Most of these investments are the culmination of several years of innovation and engineering, and we are just now beginning to see the benefits. We are developing additional solutions for Bot Protection, DDoS mitigation and technologies that are designed specifically for GPU-based AI infrastructure. We will integrate AI to predict performance with our solutions and with A10 control, we will enable centralized management for all A10 products. Within A10 Defend, our cybersecurity suite we continue to develop solutions that will help our customers protect their mission critical applications and infrastructure from an ever-growing number of cyber threats. We anticipate an improving pipeline related to these investments in 2025. AI has become an important near-term catalyst for our business, and we are strong and getting stronger in this area.
This, combined with our focus on cybersecurity solutions continues to play a role in our growth. Security led revenue increased 6% for the quarter and 9% for the year. Our focus on security continues to make our solutions less optional, mitigating the impact of short-term fluctuations in spending priorities and enabling A10 to outperform our peer group. We had previously stated, our long-term goal was to drive 65% of our revenue from security-led solutions and for the full year, security represented 63% of revenue. I think it’s also worth noting that in Q4, we delivered growth in all key regions. North America, Asia Pacific, Japan and EMEA. For the past year, we had been stating that demand was consistent in EMEA and Japan, but soft in North America.

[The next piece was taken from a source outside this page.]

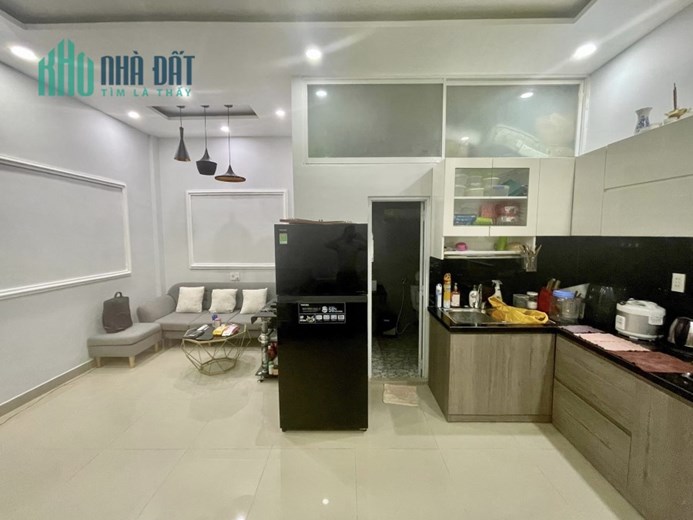 NHÀ MỚI ĐẸP LUNG LINH - TT BÌNH THẠNH - DÒNG TIỀN 50tr/Th -SỔ NỞ HẬU TÀI LỘC .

That trend has begun to correct in line with the improving market conditions for North American service providers, as previously mentioned, and validating the strength of our technical solutions in all markets. Our priorities continue to be a mix of internal investments to support revenue generation, returning capital to shareholders and evaluating strategic opportunities to accelerate growth. I spoke in detail about the internal investment related to our long-term cybersecurity blueprint in the last earnings call. Simultaneously, we continue to consistently return significant capital to shareholders. In spite of a challenging macro environment, our strong second half performance continues to demonstrate the earnings power of our business model.
We maintained robust profitability in line and slightly ahead of our targets in the quarter. Our strong results also enabled us to support our R&D investments while simultaneously accelerating our cash generation, ending the year with nearly $200 million in cash and marketable securities even as we return significant capital to shareholders. We have continued to buy back stock and our cash flow has more than funded our buyback and dividend programs. With that, I’d like to turn the call over to Brian for a detailed review of the quarter and the year. Brian?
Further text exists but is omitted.